Friends and well-wishers have replaced the stolen wooden cross, placed in memory of Ty Longley, with a welded-steel cross, built into a poured cement base.

01:00 AM EDT on Wednesday, September 17, 2003

BY DANIEL BARBARISI
Journal Staff Writer

WEST WARWICK -- The mother of one of The Station nightclub fire victims has claimed responsibility for removing a memorial dedicated to Great White guitarist Ty Longley from the fire site.

Diane Mattera, of Warwick, told radio and print reporters yesterday that she had taken two wooden crosses, photos of Longley's son, and a teddy bear left in his son's honor, from the site on Friday.

"I just threw them into the woods," Mattera said, "because Ty does not belong there. I feel sorry for him that he died, but the only thing is he doesn't belong there."

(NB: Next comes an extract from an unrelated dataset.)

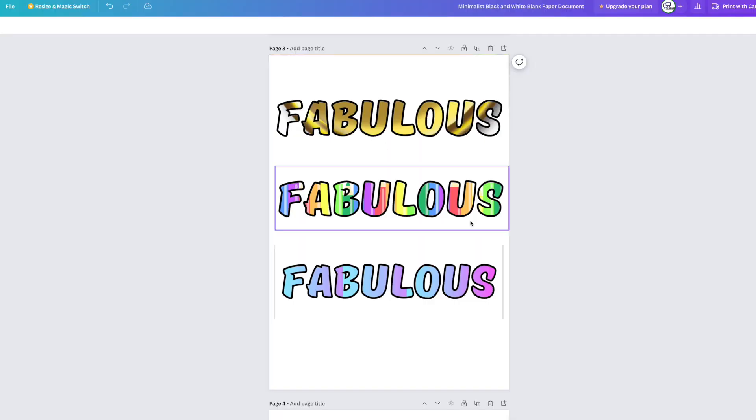Hey guys, if you want to learn how to put gradients behind your fancy lettering in Canva for your posters and whatever, stick with me because I'll show you two different versions for free. No need for the premium Canva stuff — we can get this look for free using Canva's free tier. Let's do it.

Mattera's daughter, Tamara Mattera-Housa, was killed in the fire Feb. 20 at age 29.

Mattera said she felt no shame about what she did, and never made any attempt to hide it.

"From my point of view. I didn't really do anything wrong," she said.

She said she put her daughter's name on a note she left at the site, so that people would know the theft was a deliberate act, and not the work of vandals.

"They knew who did this from the start. I had her name on there. There was no misleading as to who wrote the note," Mattera said.

Friends and well-wishers replaced Longley's stolen wooden cross with a welded-steel cross, built into a poured cement base.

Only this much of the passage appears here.